今日携えた本は日本ではFLライトと同時期に活躍した、Aレーモンドの建築詳細という本と、パリのシェイクスピア&カンパニィ書店という実在した文学の伝記的書店主の本、それにイタリア料理の分厚いレシピ本だった。
数日続いている晴天が今日も空をおおい、入道雲が遠くで立ち上がっている。近くでカモメが風に乗って飛んでいく。かもめは鳶に比べて水平線の近くの低い位置を飛ぶからすぐわかる。
上昇気流をつかむのは苦手らしい。
近くではその手のひとたちとすぐ分かる黒いラッシュガードの集団がお揃いで奇声を上げて真夏のプールを楽しんでいる。ラッシュガードにうっすら見える刺青は愛嬌だ。
ごく普通の若い男の子とは何ら変らない。いつものにぎやかなプールが帰ってきたようだ。これはこれで楽しい。
男は日焼けして火照った体を鎮めるためにプールにゆっくりと入り、数回水中を掻いて顔を上げると、目の前に子供の浮き輪が風に飛ばされて見えた。
男は浮き輪をつかみ、子供の母親と思しき女性に渡した。
女性はさっきのまで早口のフランス語で子供に何か言っていたのに、驚くほど流暢な日本語で「ドウモアリガトウゴザイマス」とお礼を述べた。
彼女はここ数日間このプールでよく目にしたスタイルの良い女性だった。
真っ黒に日焼けしたプールの監視員と思しき男の子が、女性と私に向かって話し始めた。
女性の名はソフィーと言い、4才になる女の子がいた。
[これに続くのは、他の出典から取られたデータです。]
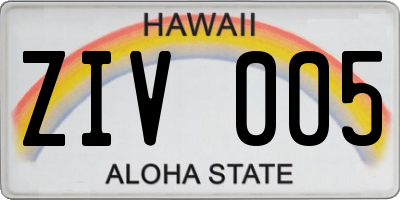 HI license plate ZIV005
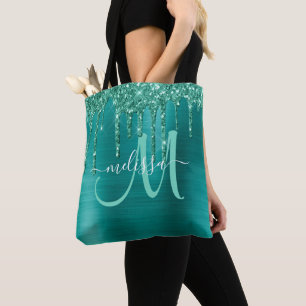 Bolsa Tote Glitter De Linho Girassol Monograma De Metal Bruta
旦那は日本人らしく今日は仕事のようだ。
彼女は如何にフランスがつまらない国で、日本のほうが良いのか訴えていた。
そんな彼女なのに娘をどこの小学校に入れるのか悩んでいた。
私にはその矛盾した行動に彼女の発したAncien régimeという言葉で理解した。
すぐにシンガポールに赴任しなければいけないらしい。
つまり日本は経由地なのだ。彼女の留まる国ではない。彼女は旅人なのだ。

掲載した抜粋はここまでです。